* WORK INSTRUCTIONS
Please output the line containing "Exterior of a" and all lines that follow it in the data below, exactly, with no pictures.

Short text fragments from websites
^^^^^^^^^^^^^^^^

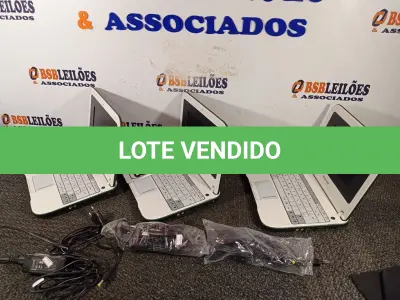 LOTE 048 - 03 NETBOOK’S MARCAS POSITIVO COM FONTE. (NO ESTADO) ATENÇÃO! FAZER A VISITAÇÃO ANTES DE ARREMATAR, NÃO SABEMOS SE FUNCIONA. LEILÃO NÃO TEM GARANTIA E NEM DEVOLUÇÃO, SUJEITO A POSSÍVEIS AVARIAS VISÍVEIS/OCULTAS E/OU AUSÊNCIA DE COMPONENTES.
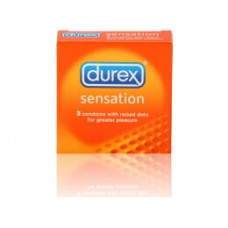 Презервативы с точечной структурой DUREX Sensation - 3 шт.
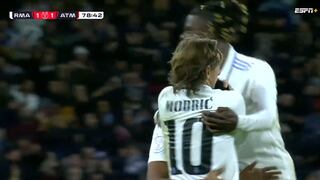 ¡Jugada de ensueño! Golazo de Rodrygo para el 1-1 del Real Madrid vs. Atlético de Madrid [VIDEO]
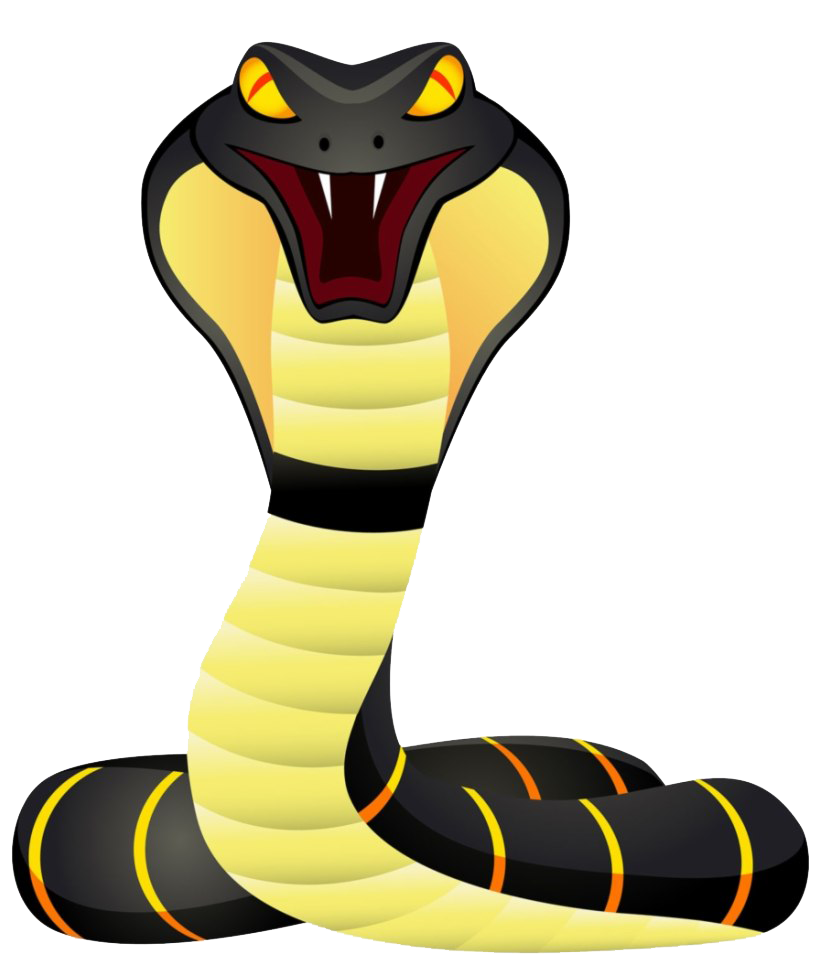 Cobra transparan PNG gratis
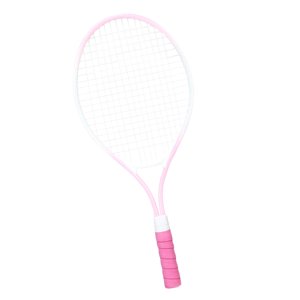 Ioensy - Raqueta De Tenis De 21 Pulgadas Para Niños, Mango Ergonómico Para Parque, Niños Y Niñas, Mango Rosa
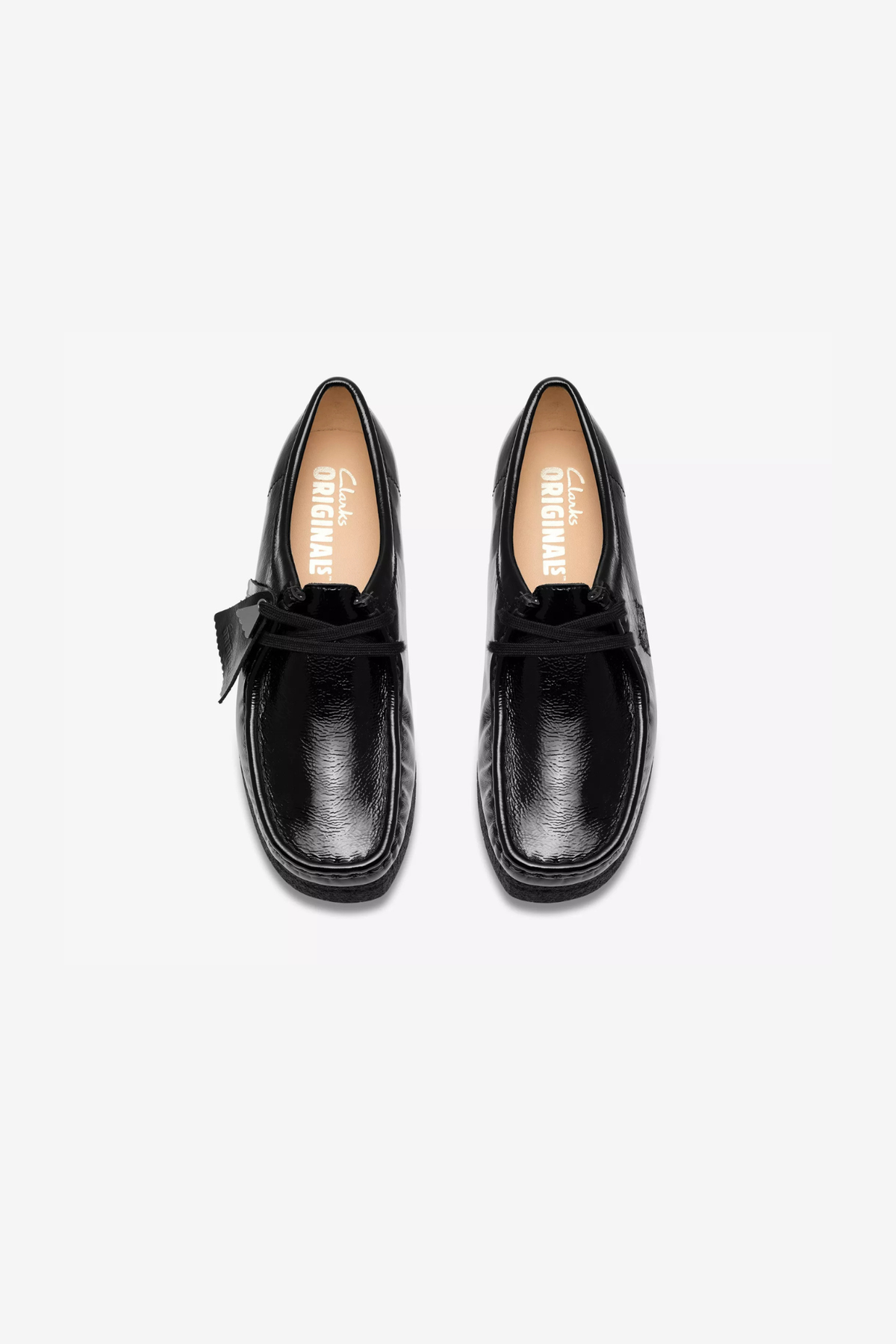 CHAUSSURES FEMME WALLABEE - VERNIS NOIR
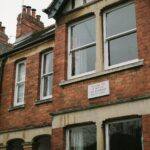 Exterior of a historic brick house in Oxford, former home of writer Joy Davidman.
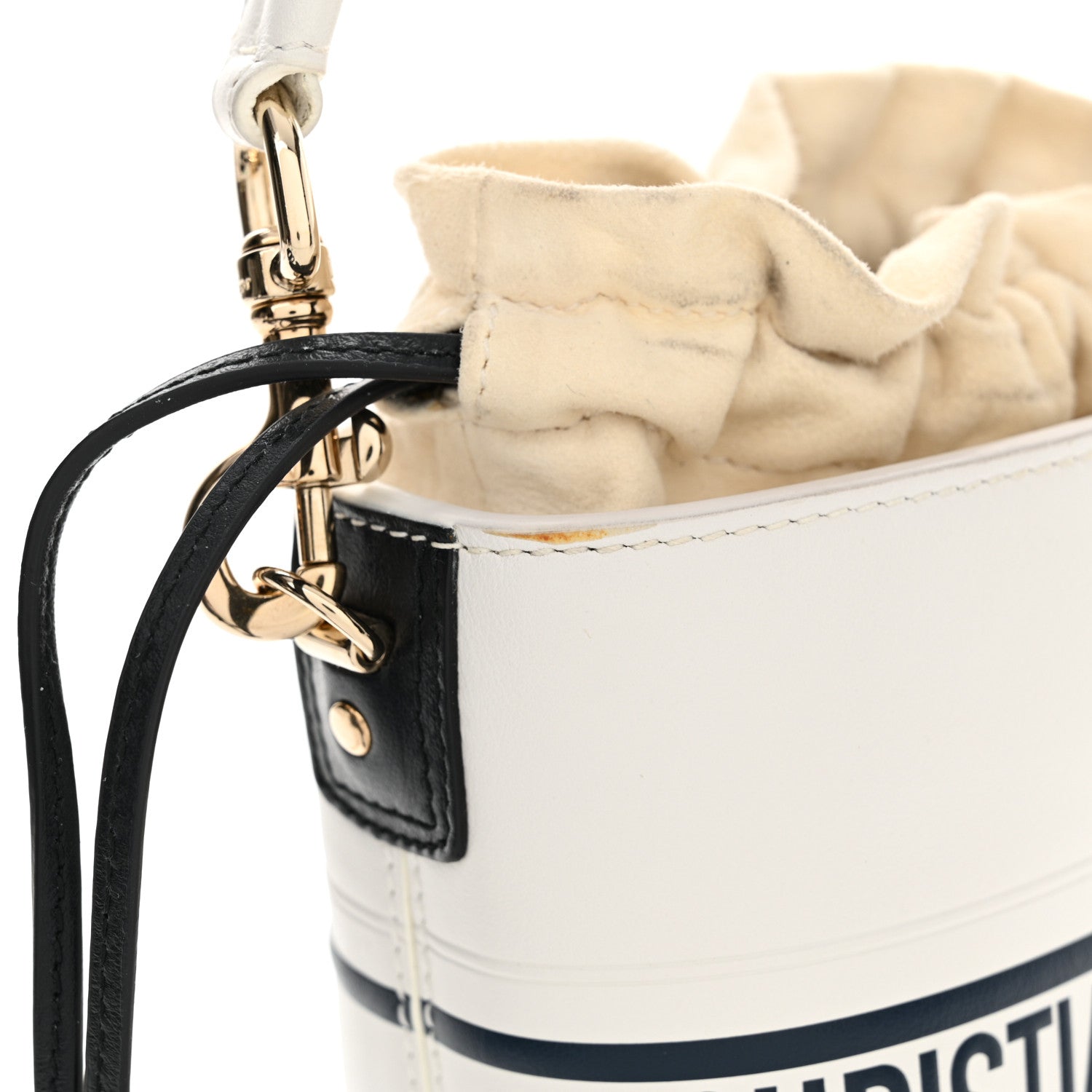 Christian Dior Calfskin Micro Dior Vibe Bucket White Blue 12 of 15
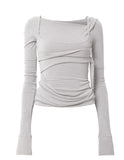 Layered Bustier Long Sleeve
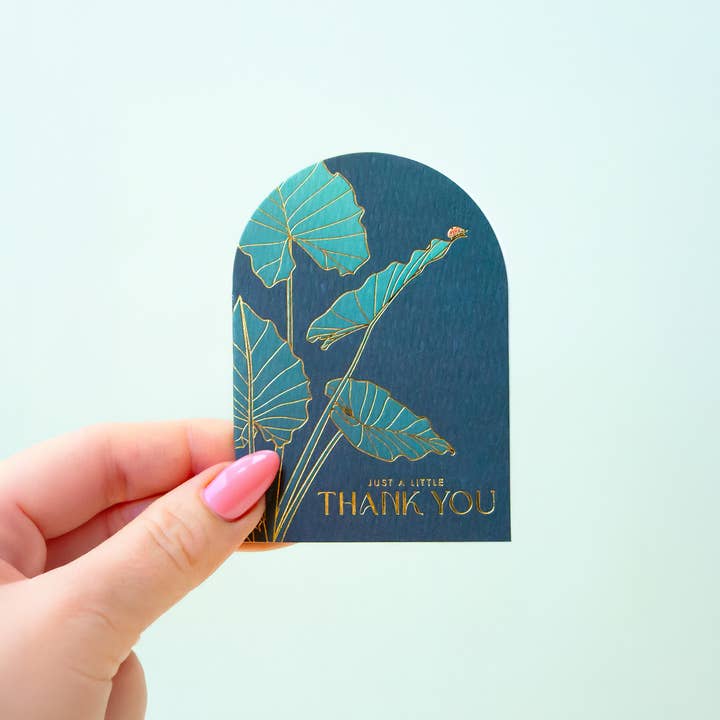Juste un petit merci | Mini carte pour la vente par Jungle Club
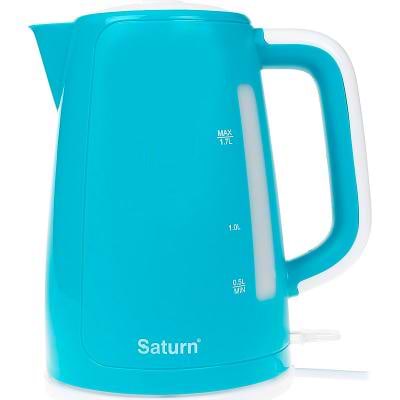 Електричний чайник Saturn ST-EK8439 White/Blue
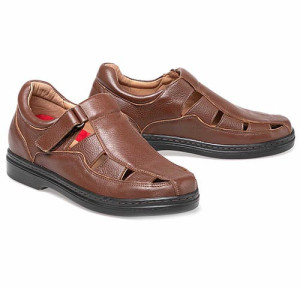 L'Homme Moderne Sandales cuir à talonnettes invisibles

^^^^^^^^^^^^^^^^

* TASK RESULT
 Exterior of a historic brick house in Oxford, former home of writer Joy Davidman.
 Christian Dior Calfskin Micro Dior Vibe Bucket White Blue 12 of 15
 Layered Bustier Long Sleeve
Juste un petit merci | Mini carte pour la vente par Jungle Club
 Електричний чайник Saturn ST-EK8439 White/Blue
 L'Homme Moderne Sandales cuir à talonnettes invisibles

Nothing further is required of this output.